¡En qué lío me he metido!

St Augustine Teaching in Rome

El buen hombre dando su conferencia y unos por ahí charlando sin hacerle caso

¡Hay que fastidiarse! ¿Por qué no le habré hecho caso al sabio de Ortega cuando comentaba que los traductores éramos unos apocados y a S. Josema Escrivá con aquello de “¡Claro, hombre! Por eso precisamente te han dado ahí!”?

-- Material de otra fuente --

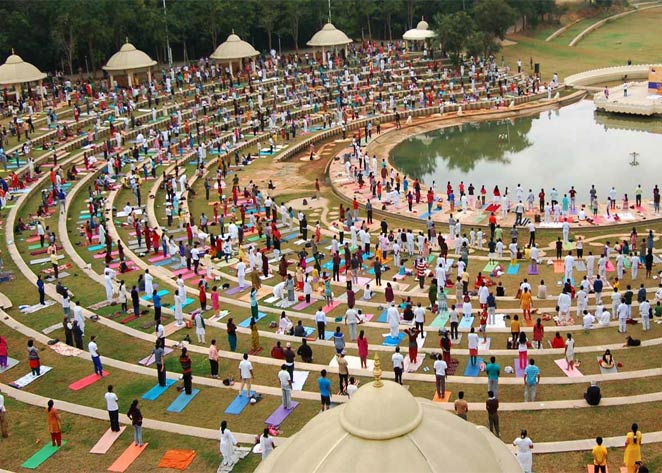 Amazing Destinations in India for Spiritual Retreat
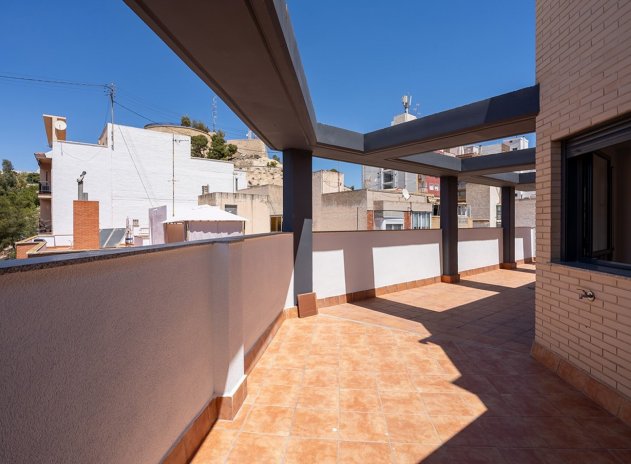 Herverkoop - Penthouse - Alicante - Center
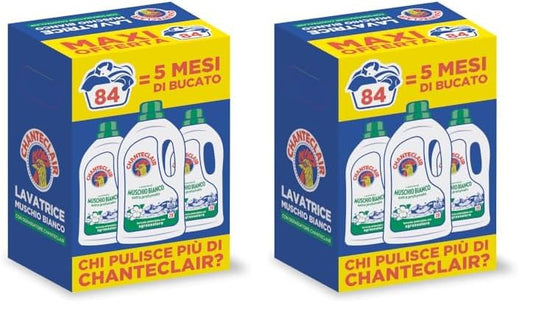 CHANTE CLAIR Detersivo per Lavatrice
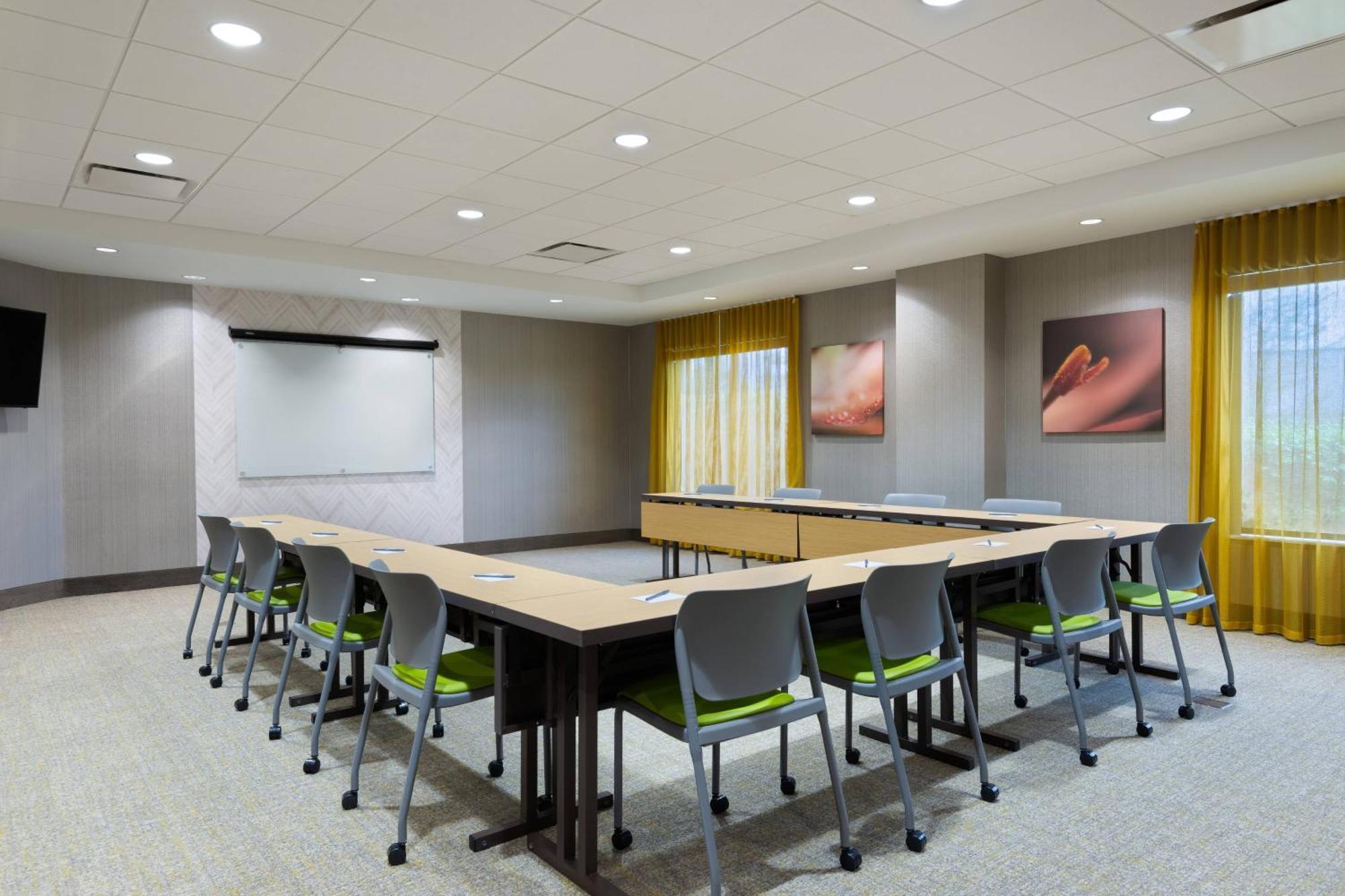 Springhill Suites By Marriott Cleveland Solon Exterior foto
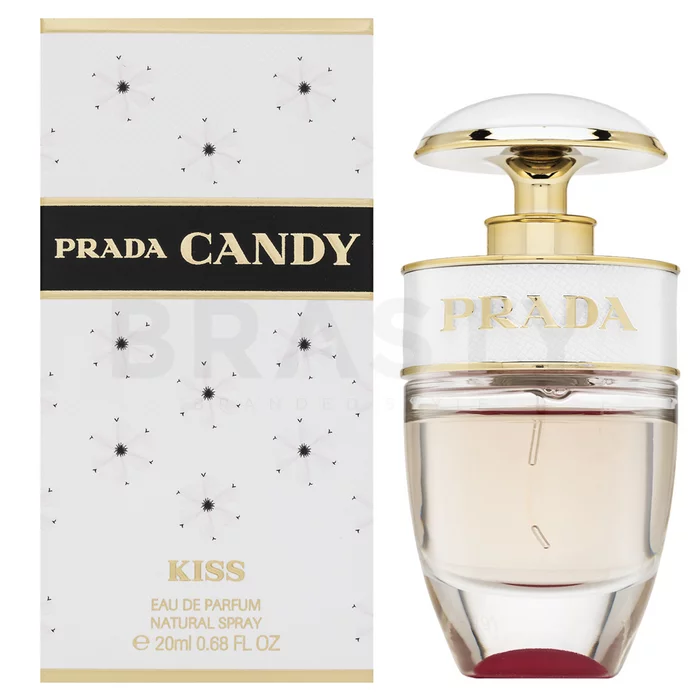 Prada Candy Kiss parfémovaná voda pro ženy 20 ml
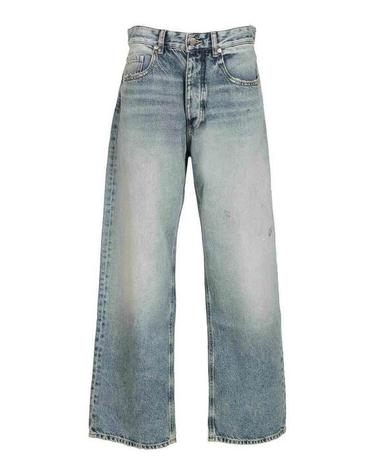 [해외직구] 26FW 아이콘데님 데님 팬츠 WILLSMO Light Blue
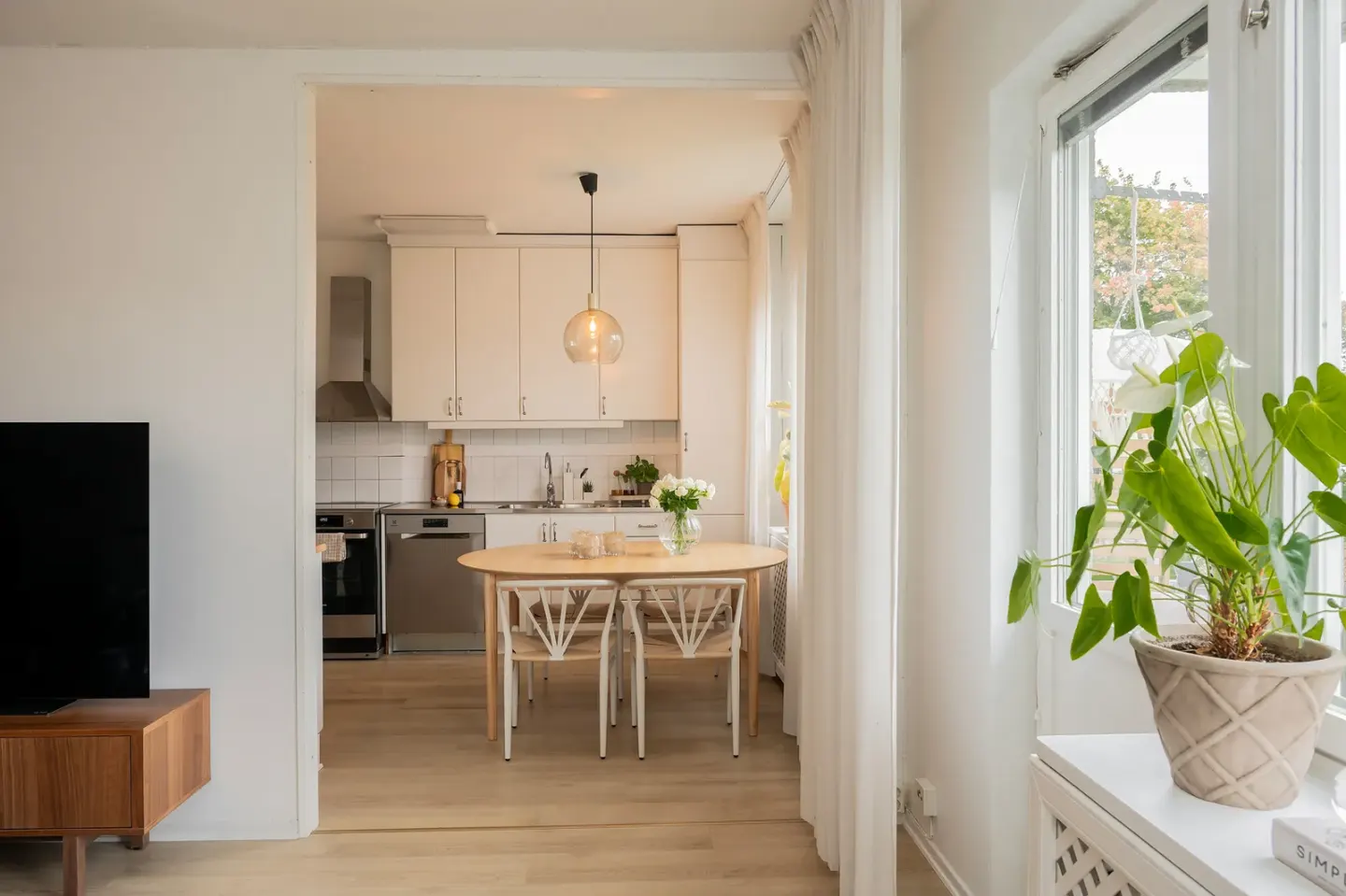 Bostadsrätt med 2 rum på Järnlundsvägen 10 i Stockholm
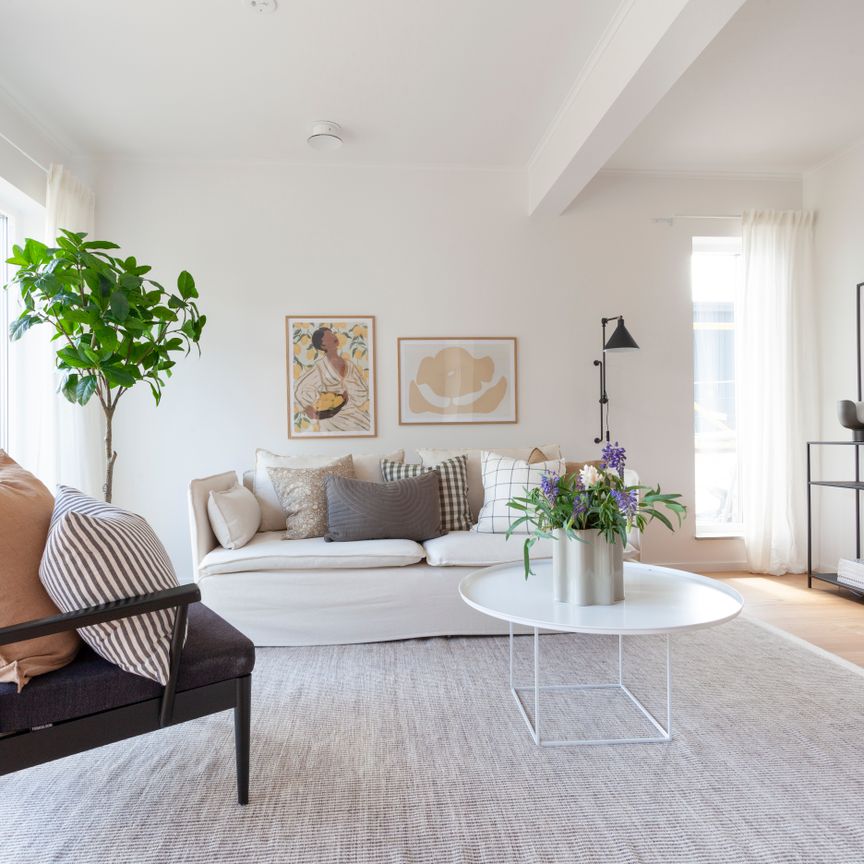 Klockaretorpsvägen, Skara - Foto 1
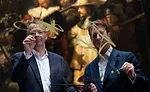 AkzoNobel Partners with the Rijksmuseum for Live Restoration of Rembrandt’s Night Watch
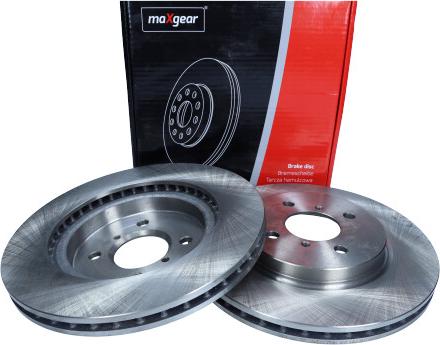 Maxgear 19-4750 - Disc frana aaoparts.ro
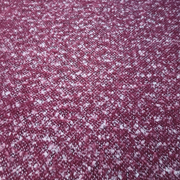 Mixit Infinity Scarf - Marled Burgundy Knit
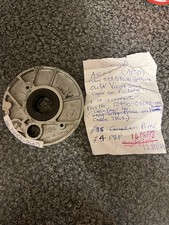 Genuine Suzuki A50 AP50 Exhaust Valve Seat 12450-05002-000 NOS OEM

El caso es que está uno traduciendo tan tranquilo (o haciendo cualquier otra cosa) más contento que unas Pascuas (sean de natividad, epifanía,  resurrección o del quincuagésimo día) y resulta que le llaman o le escriben y le proponen que, como se dedica a eso de la traducción, que por qué no da una charla. El primer impulso es decir que sí por aquello de que existen seres humanos, aparte de tu familia, que son conscientes de tu existencia y te sale del corazón el natural agradecimiento. El segundo es contestar que no, por aquello de que eres de natural apocado y, además, ¿de qué vas a hablar? Entonces aparecen las palabras mágicas: “Aunque nuestro presupuesto no es muy allá, te pagamos el viaje y la estancia”, o una cena, o te invitan a un café, da igual porque lo que no vas a hacer es rechazar algo que te pagan con lo mal que está el mundo, sobre todo si se piensa en los pobres chinitos del Domund. Así que, haciendo de tripas corazón, aceptas, te comprometes y ahí empieza el lío.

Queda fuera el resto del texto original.